In Boston, New York, San Francisco and other American cities, city planners and officials tried to create manageable pollution zones on the outskirts of town where the animal trades would be carried out. In San Francisco, slaughterhouses were built on piers so the waste would fall into the San Francisco Bay. In Boston, parts of Brighton were designated for the animal trades, and the city government established strict rules for cleaning and processing animal waste.
Railroads not only made this separation of activities possible (because city residents could still get fresh meat by train), but eventually helped Chicago become such a hub of the meat industry that it put many local meat packers and slaughterhouses out of business.
At first, animal-welfare reformers tried to improve the conditions that animals lived under in these new managed zones.
“Many of the early animal-welfare reformers did want to transform or reform what they would call the inhumane practices of slaughterhouses and livestock industries,” said Robichaud. “But they were highly limited in their ability to do that, and one of the reasons was this new geography. It’s hard to enforce laws on railroad cars that are carrying animals hundreds of miles. It’s really hard to enforce laws in slaughterhouse districts that are farther away from city centers.”
Over time, the animal-industries districts became polluted and attracted other “dirty industries.” They became places where lower-income people lived because they worked there or they could not afford to live elsewhere, breathing the nearby industries’ polluted air. Meanwhile, reformers came to focus most of their energy on what they could better control: the portrayal and treatment of animals, such as pets or zoo animals, that remained in the city center.
Societies for the prevention of cruelty to animals (SPCA’s) and humane societies sprouted up, the precursors of today’s animal-rights organizations. As Robichaud describes it, reformers who emphasized treating animals humanely aimed not just to reduce visible displays of violence or cruelty to animals but also to improve human relations. Advocates for improved public morality believed that if children could learn to care for a pet, or for animals in general, they could learn values such as cooperation and respect for others. There was a proliferation of children’s books in the late 19th century teaching children morality through interaction with animals—a common theme in children’s books to this day.
Our society’s relationships with animals are very much a legacy of this historical moment in the late nineteenth century, according to Robichaud.
“There are deep contradictions in the ways we treat animals as a society,” he said. “On the one hand, we have this massive culture of pet ownership and treating animals almost like people. And then we have this very invisible world in which animals on factory farms have these abysmal lives.”
Robichaud teaches a seminar at CAS on animals in America and incorporates his learning for the book into his courses on urban history and Boston history. He says he was motivated to write the book because it dealt with an under-explored but intriguing area of U.S. history.

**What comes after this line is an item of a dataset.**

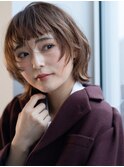 ルーズなニュアンスパーマウルフボブと透明感ベージュカラー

“I was fascinated with it on a lived experience level,” he said. “What was it like to live in a city where you had pigs roaming around, you had cattle drives, where your neighbor was slaughtering animals? And this was also an area that was underdeveloped in the scholarship.”
What’s next for Robichaud? He is currently researching a history of the ice industry in America. Before mechanical refrigeration, ice was harvested from ponds on a mass scale and shipped around the country (even to the Caribbean) for use in cooling homes and preserving food. Another topic opening a window onto a way of life that is now gone from the American landscape, and another book to look out for.